> [Your instructions] Below is a listing. Return the lines from the one that contains "T4000 HKCʾʱ" to the one that contains "숲에서 자본주의를 껴안다 (산촌에서 찾은 또 다른 자본주의)", both ends included, verbatim and with no pictures.
··· Dataset excerpts
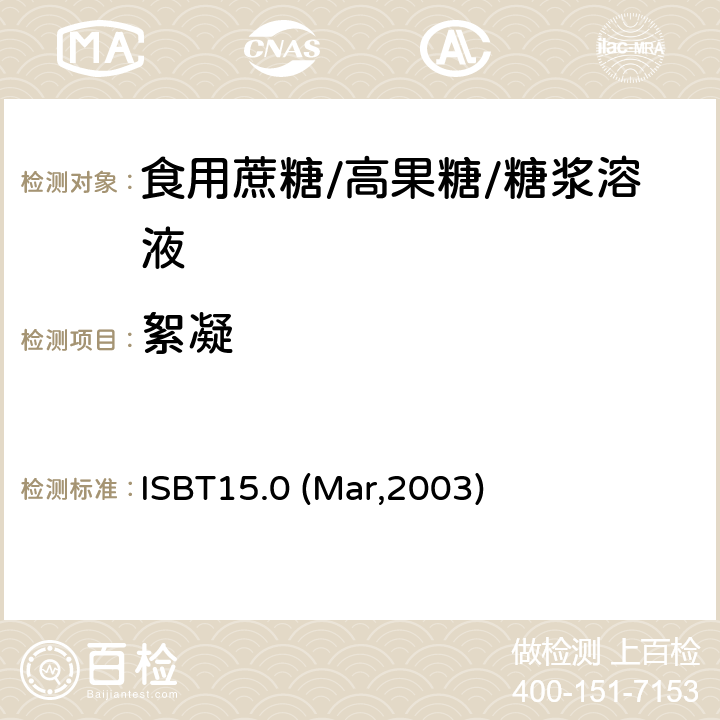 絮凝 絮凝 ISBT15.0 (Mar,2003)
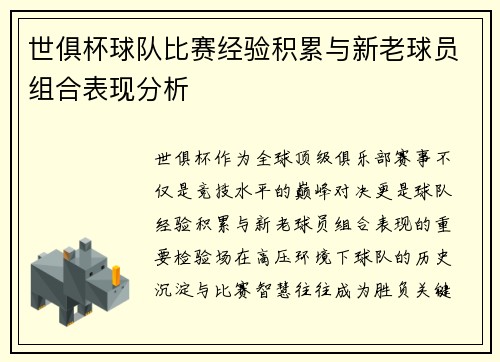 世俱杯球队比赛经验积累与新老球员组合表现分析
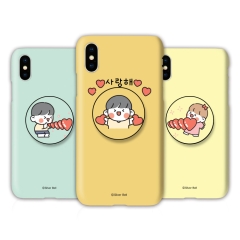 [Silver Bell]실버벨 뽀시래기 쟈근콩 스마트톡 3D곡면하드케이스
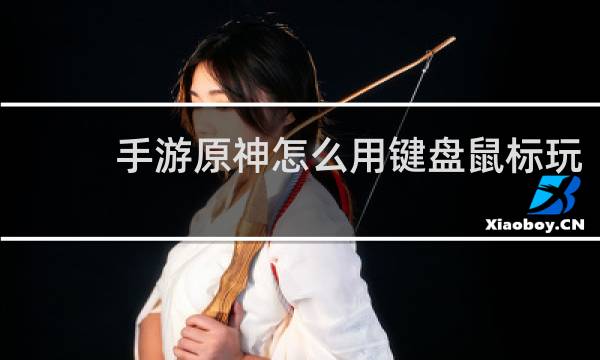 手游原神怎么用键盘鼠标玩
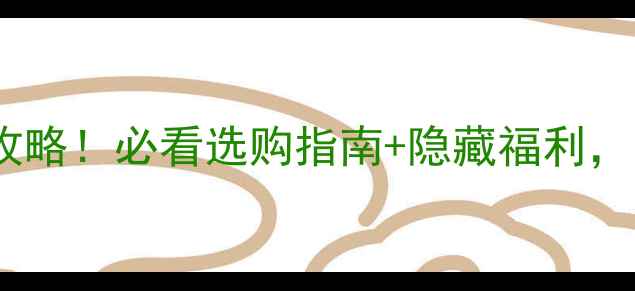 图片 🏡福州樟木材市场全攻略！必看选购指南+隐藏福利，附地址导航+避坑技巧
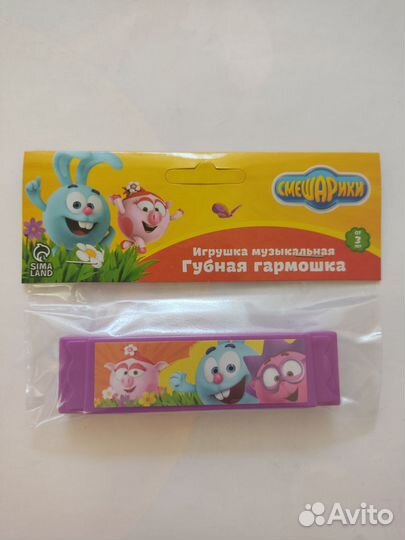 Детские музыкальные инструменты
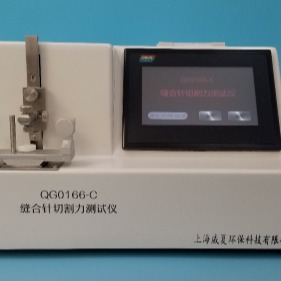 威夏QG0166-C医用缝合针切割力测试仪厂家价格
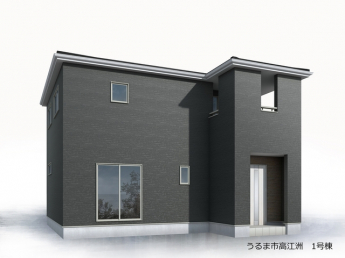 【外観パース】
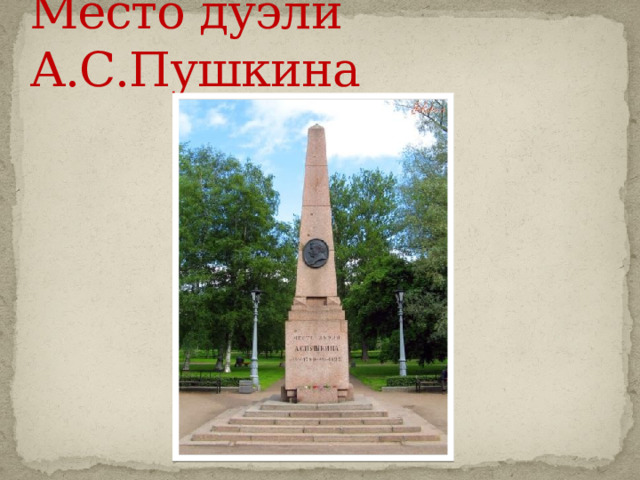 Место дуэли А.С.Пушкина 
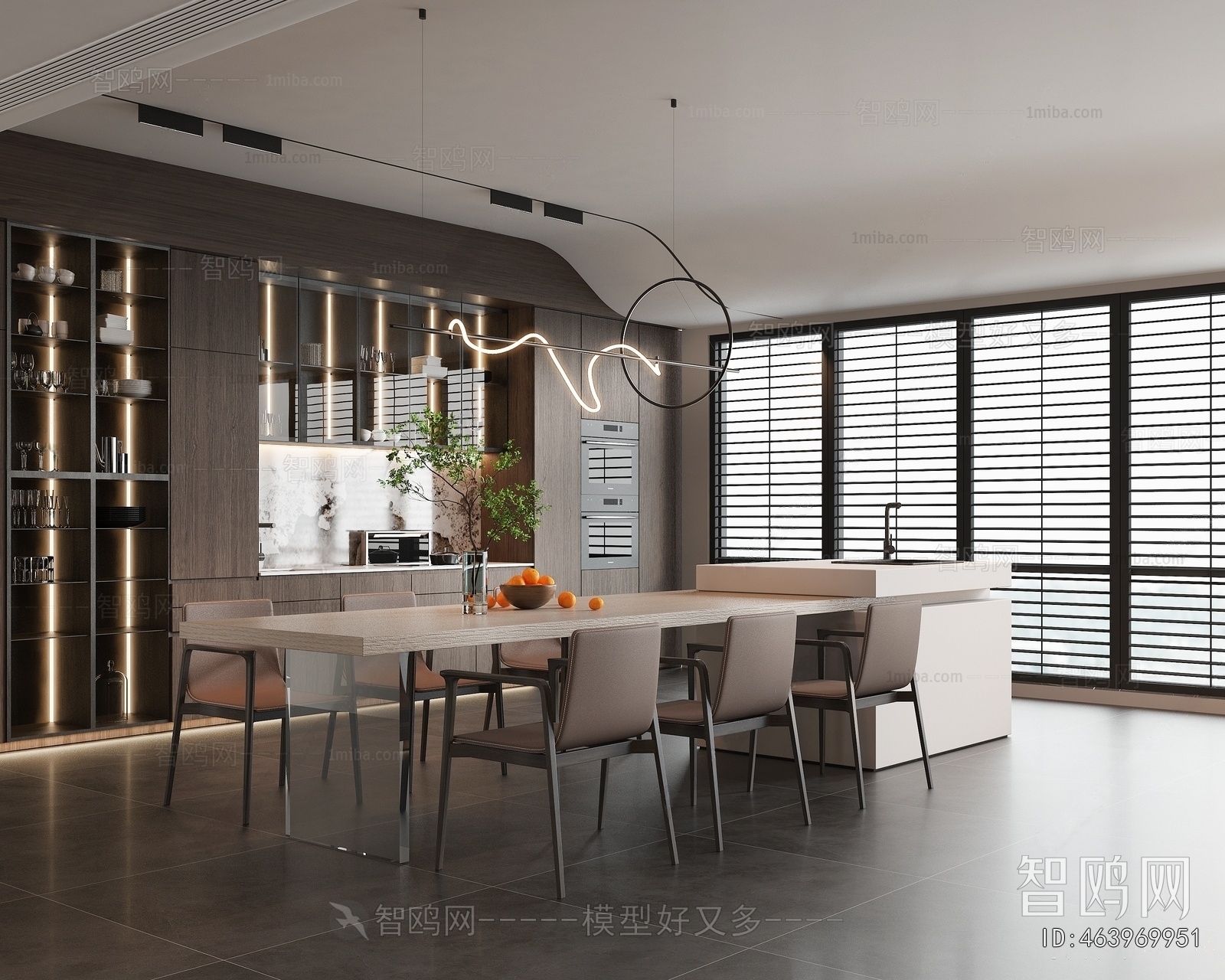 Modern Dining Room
······
··· Dataset excerpts
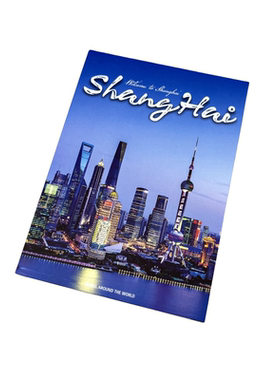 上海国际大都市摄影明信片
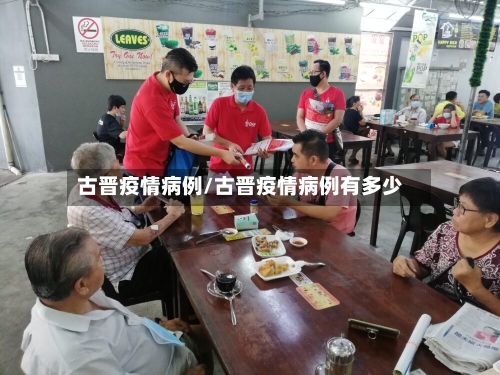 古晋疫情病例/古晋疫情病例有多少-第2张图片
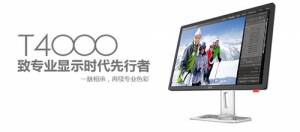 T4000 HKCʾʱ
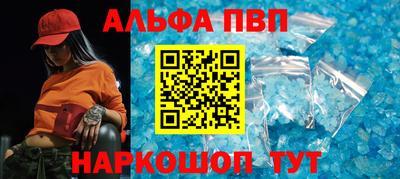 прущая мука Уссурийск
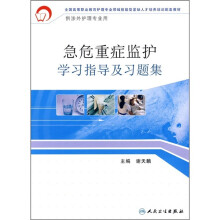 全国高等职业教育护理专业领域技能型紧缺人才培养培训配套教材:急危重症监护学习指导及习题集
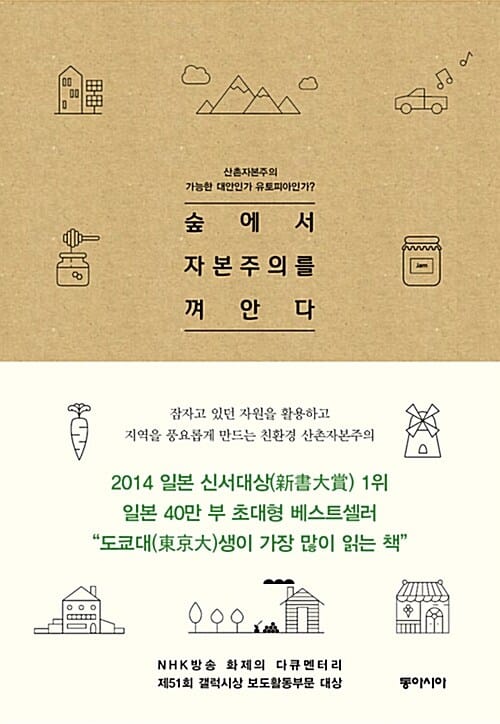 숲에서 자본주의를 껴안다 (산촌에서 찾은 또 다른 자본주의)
······
> [Exercise solution]
 T4000 HKCʾʱ
 прущая мука Уссурийск
 全国高等职业教育护理专业领域技能型紧缺人才培养培训配套教材:急危重症监护学习指导及习题集
 숲에서 자본주의를 껴안다 (산촌에서 찾은 또 다른 자본주의)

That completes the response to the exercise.